• **Your assignment**: Line by line, copy out the entries exactly and leave the pictures behind.

# # # # # # #

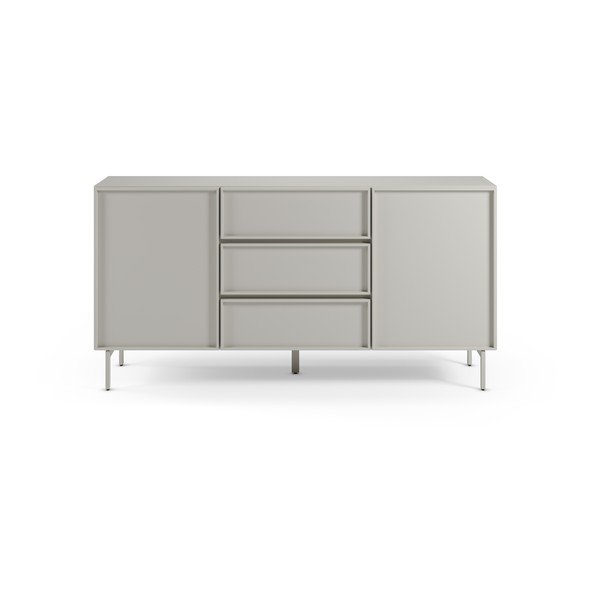 Kreminės spalvos šoninė spintelė 160x80x42 cm Brise – Marckeric
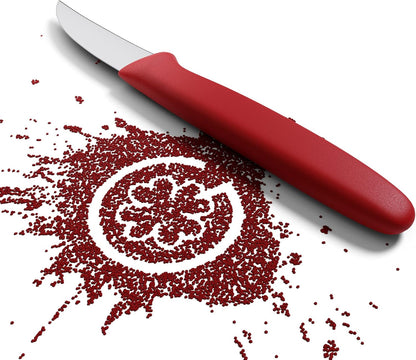 GIESSER 8545 sp 6 r Bird's beak peeling knife special red handle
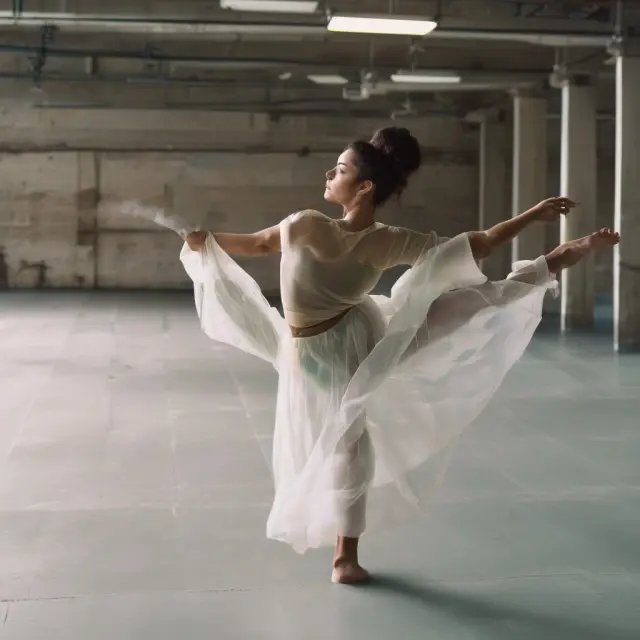 A ballet performance featuring three dancers representing backflush, traditional, and activity-based costing systems.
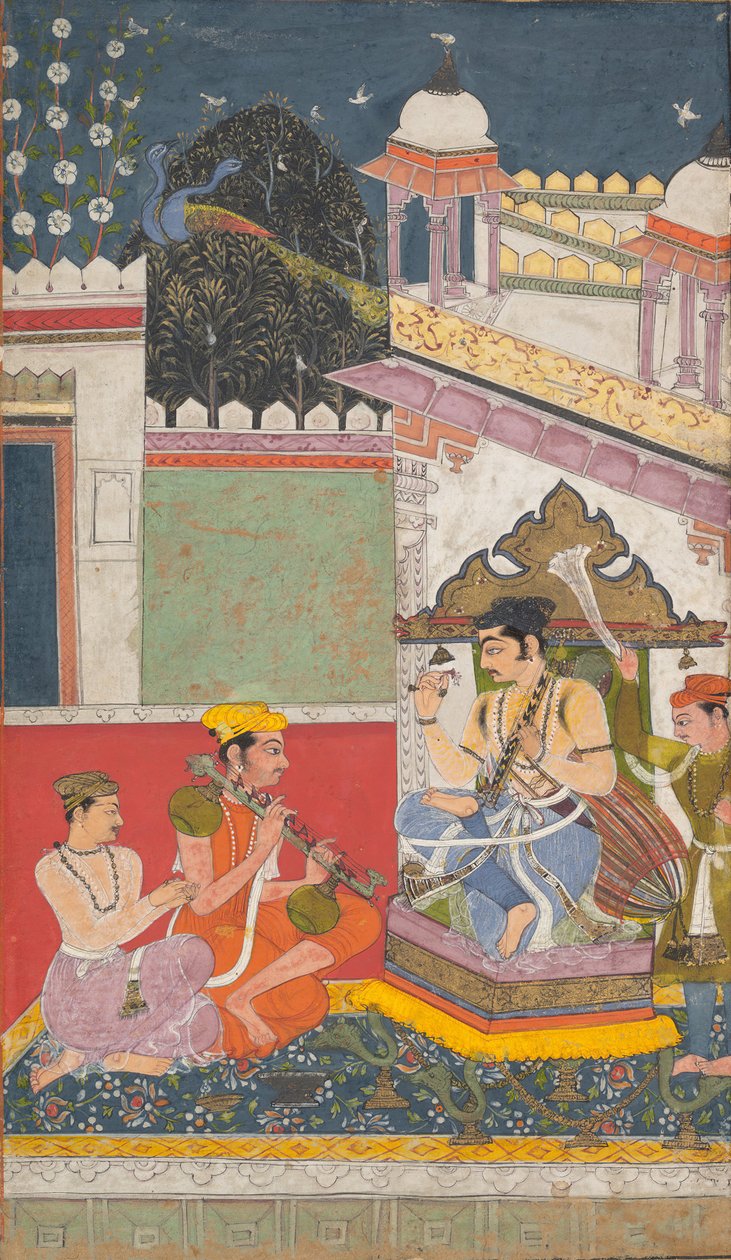 श्री राग: एक रागमाला श्रृंखला की संगीतमयी माला, १-वीं शताब्दी के मध्य की माला। द्वारा अज्ञात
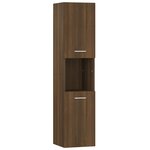 vidaXL Armoire de bain Chêne marron 30x30x130 cm Bois d'ingénierie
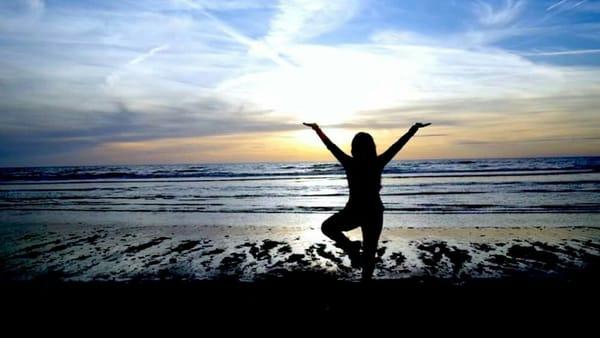 Staying fit at Zandvoort beach, Netherlands.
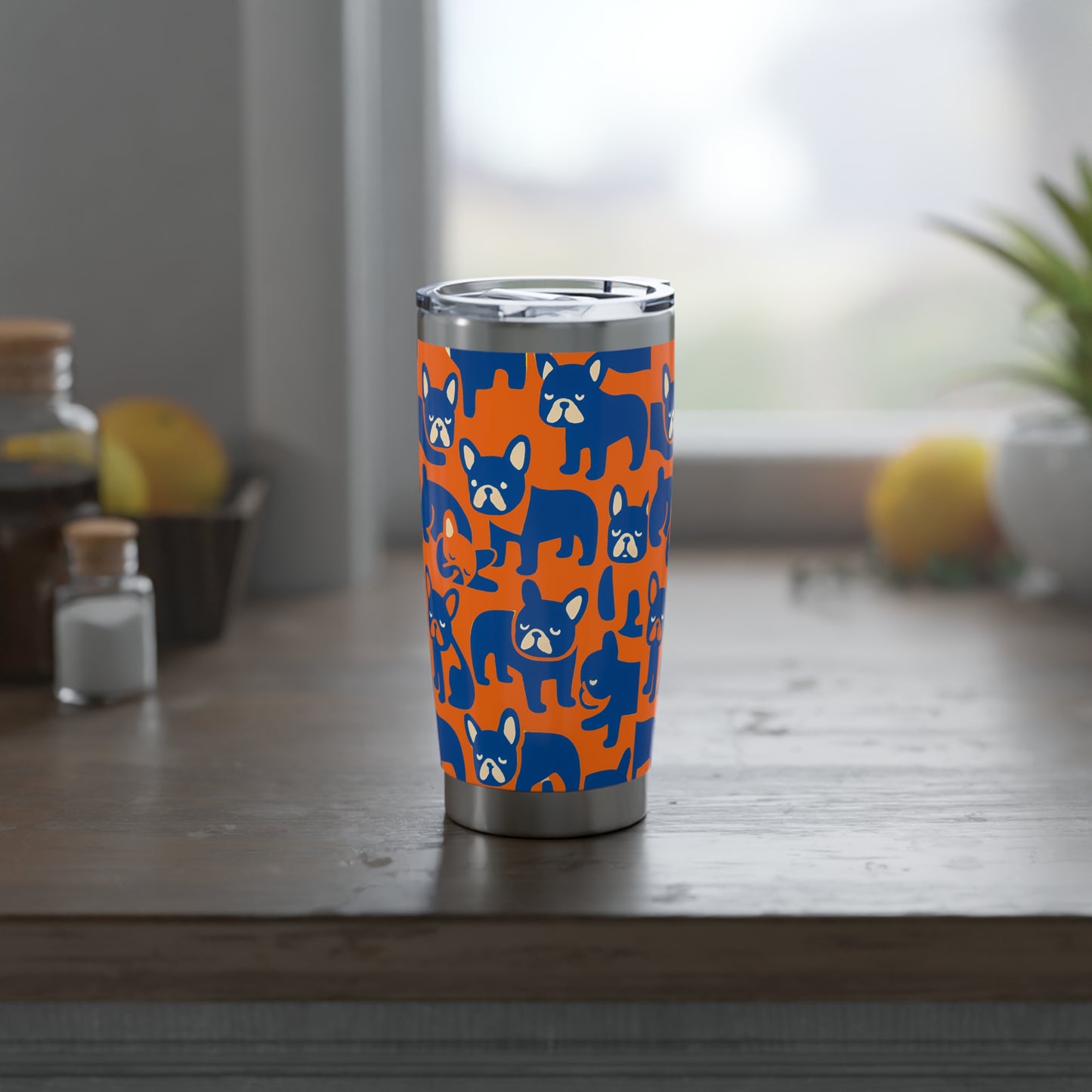 Petty Prints: The "Frenchie on 5th" Travel Tumbler
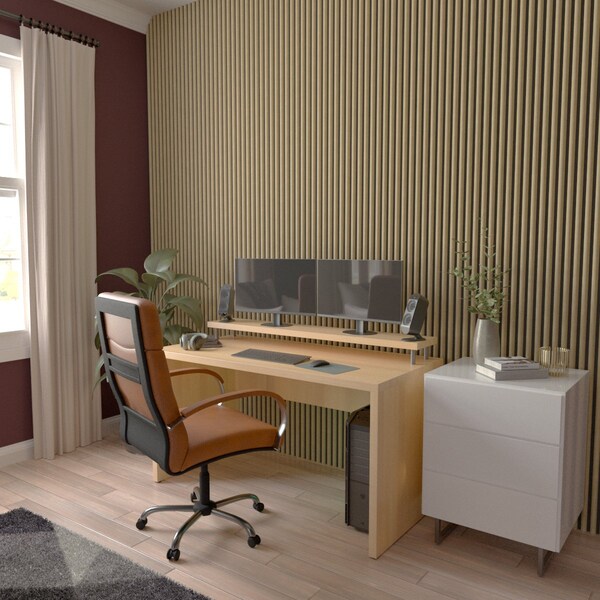 Ekena Millwork AcoustixPro Noise Cancelling Half Round Small Slat Wall Panel - SWA0625X0500HRAW
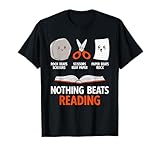 Rock Paper Scissors Nothing Beats Reading T-Shirt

# # # # # # #

• **Result**:
 Kreminės spalvos šoninė spintelė 160x80x42 cm Brise – Marckeric
 GIESSER 8545 sp 6 r Bird's beak peeling knife special red handle
 A ballet performance featuring three dancers representing backflush, traditional, and activity-based costing systems.
 श्री राग: एक रागमाला श्रृंखला की संगीतमयी माला, १-वीं शताब्दी के मध्य की माला। द्वारा अज्ञात
 vidaXL Armoire de bain Chêne marron 30x30x130 cm Bois d'ingénierie
 Staying fit at Zandvoort beach, Netherlands.
 Petty Prints: The "Frenchie on 5th" Travel Tumbler
 Ekena Millwork AcoustixPro Noise Cancelling Half Round Small Slat Wall Panel - SWA0625X0500HRAW
 Rock Paper Scissors Nothing Beats Reading T-Shirt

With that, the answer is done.